Christian typology combined historical depth with popular reach. The future was concealed yet embodied in persons, who were not historically contingent but signified universal and eternal meaning; God himself was incarnated in figures and sacraments. Allegorical, ethical and spiritual interpretations, rendering biblical persons and events symbolic, provided an alternative to typology. From Jewish philosopher Philo to Church Father Origen and the Alexandrian School to medieval times, allegory coexisted with figura. But allegorization, insisted Auerbach, remained an elite project, whereas Christian typology, phenomenal and historical, expanded the reach of figural thinking to the socially downtrodden, bringing together high and low. Beginning its triumphant march in patristic literature in the third century with Tertullian, typology became hegemonic with Augustine in the fourth century. Both Tertullian and Augustine were staunch realists, who rejected allegorical spiritualism. “When you hear an exposition of the mystery of Scriptures telling of things that took place,” admonished Augustine, “believe what is read to have actually taken place … lest … you seek to build in the air” [95,96].

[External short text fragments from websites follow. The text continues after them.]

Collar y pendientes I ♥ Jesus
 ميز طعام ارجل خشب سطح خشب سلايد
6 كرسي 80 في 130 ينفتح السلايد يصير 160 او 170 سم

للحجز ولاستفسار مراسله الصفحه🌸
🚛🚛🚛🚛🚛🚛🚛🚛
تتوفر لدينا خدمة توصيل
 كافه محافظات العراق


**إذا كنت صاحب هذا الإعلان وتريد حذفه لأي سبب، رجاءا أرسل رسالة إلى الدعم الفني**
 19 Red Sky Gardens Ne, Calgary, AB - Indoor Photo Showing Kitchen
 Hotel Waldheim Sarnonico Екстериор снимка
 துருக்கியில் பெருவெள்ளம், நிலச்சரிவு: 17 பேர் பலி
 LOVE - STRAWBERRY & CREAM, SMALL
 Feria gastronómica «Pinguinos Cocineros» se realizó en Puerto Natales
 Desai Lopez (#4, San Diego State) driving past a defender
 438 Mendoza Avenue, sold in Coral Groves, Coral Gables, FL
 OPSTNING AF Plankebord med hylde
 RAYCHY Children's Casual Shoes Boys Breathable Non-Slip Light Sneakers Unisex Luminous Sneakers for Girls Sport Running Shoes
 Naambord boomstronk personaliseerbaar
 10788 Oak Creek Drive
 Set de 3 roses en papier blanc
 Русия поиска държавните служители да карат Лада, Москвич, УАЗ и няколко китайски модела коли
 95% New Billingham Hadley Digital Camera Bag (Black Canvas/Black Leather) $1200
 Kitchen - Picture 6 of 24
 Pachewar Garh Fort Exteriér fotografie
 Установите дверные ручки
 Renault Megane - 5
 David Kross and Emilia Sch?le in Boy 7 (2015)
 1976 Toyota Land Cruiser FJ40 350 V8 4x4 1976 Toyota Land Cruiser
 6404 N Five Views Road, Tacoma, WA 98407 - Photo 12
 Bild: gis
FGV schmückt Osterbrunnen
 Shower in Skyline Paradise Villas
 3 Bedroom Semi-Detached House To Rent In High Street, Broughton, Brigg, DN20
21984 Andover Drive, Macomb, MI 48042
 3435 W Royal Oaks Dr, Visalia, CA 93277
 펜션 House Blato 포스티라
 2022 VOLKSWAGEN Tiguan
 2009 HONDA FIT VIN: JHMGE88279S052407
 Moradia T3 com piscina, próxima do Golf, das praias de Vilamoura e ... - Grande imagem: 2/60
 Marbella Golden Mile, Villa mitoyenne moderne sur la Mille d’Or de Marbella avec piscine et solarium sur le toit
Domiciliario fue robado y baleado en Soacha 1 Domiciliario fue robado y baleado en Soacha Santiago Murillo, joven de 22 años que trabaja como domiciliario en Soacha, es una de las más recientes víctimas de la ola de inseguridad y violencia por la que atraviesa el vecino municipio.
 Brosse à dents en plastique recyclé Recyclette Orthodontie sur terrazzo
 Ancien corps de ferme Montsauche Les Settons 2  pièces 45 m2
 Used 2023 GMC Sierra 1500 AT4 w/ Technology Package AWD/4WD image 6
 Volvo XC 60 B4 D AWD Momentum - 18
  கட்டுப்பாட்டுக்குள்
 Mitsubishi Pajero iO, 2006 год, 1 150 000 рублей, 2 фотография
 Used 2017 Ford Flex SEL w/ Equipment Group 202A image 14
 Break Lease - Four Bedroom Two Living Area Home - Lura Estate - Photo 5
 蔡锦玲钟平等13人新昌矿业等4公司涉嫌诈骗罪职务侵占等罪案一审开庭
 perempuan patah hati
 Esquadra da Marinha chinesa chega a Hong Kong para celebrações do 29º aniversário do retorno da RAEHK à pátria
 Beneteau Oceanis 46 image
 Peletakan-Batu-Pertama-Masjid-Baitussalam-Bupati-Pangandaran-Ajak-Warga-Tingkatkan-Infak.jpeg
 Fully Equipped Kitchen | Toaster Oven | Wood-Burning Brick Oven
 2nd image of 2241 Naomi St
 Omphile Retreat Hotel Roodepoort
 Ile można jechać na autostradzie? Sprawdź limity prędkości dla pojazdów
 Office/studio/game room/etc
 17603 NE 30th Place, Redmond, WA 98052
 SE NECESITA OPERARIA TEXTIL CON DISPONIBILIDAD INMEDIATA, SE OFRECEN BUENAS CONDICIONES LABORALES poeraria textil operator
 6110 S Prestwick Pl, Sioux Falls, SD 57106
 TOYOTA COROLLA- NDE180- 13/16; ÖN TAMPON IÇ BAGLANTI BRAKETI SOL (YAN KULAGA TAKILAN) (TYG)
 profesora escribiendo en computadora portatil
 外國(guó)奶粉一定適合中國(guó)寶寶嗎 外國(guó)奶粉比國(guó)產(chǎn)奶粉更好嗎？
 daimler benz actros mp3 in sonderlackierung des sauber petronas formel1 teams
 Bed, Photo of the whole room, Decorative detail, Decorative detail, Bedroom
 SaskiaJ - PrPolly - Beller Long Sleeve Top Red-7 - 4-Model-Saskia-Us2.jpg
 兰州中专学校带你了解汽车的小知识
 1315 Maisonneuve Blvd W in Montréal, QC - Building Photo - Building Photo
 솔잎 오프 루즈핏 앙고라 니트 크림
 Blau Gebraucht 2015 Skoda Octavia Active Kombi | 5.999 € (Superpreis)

Medieval allegory was doctrinally one of the fourfold sense of Scriptures but figura predominated, insisted Auerbach [97]. Separating typology from allegory, Auerbach rebutted the common view of The Divine Comedy as allegorical. Virgil, who guided Dante through Hell, and Beatrice who welcomed him in Paradise were figures, not allegories, real historical persons, not theological principles. An embodiment of poetic eloquence and worldly virtues—liberty, wisdom, justice and piety—Virgil, the fullness of earthly perfection, had the capacity to guide Dante to the threshold of insight into the divine. Beatrice, sent by divine grace to guide Dante (and humanity) to salvation, incarnated revelation, but her relationship to Dante could not fully be explained by dogmatic considerations. She was also his beloved Florentine, and their lives did intersect. Every mythical or historical figure in the Comedy had a meaning connected with what Dante knew about their life. Virgil was not “virtue” or “reason,” rather, the literal meaning figured the theological, and the theological confirmed and fulfilled it, both meanings having a place in a providential history [98].
“Figura” ended on a rather minor note that seemed to diminish the brunt of Auerbach’s tour de force. To his earlier call to revisit allegory and figura in medieval literature, Auerbach now joined the observation that figura’s history showed how a word could develop into a world historical situation. Paul’s mission to the Gentiles endowed the classical concept with structures that would shape the late antique and medieval intellectual worlds [99]. Viewing Paul’s move from national to world religion (Judaism to Christianity) as the crucial turning point in history was in line with the common Christian view, but it did not elucidate figura’s implications for Europe. How did Christian realism shape modern culture? Auerbach hinted that medieval literature already contained the origin of secular realism but he shunned any suggestion as to how secularization had taken place. His caution reflected his genuine bewilderment about the origins of the European crisis—he sensed that secularization prepared the way but he just did not know how.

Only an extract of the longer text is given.